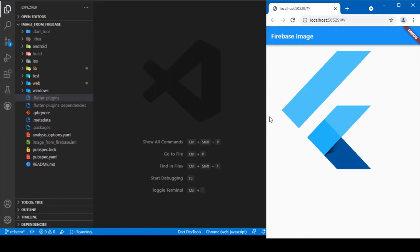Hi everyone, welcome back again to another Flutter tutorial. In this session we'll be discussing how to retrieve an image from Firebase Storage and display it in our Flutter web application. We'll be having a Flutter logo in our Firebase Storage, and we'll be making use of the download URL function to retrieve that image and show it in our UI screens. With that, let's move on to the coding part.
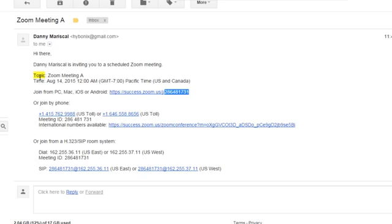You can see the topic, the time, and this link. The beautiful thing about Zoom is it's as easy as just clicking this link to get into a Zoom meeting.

════

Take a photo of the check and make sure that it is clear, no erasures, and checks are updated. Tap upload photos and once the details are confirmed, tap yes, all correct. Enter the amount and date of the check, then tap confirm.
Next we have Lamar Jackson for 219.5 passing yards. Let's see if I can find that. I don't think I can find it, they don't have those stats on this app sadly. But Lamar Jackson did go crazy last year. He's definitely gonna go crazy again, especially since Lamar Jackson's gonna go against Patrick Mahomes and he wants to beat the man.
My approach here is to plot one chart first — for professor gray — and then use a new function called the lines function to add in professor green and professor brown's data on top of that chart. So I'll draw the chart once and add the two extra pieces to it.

════

▶ **Work to be completed**: Once you have counted the lines of the material that include "then", give only that number.

▶ **Solution**: 2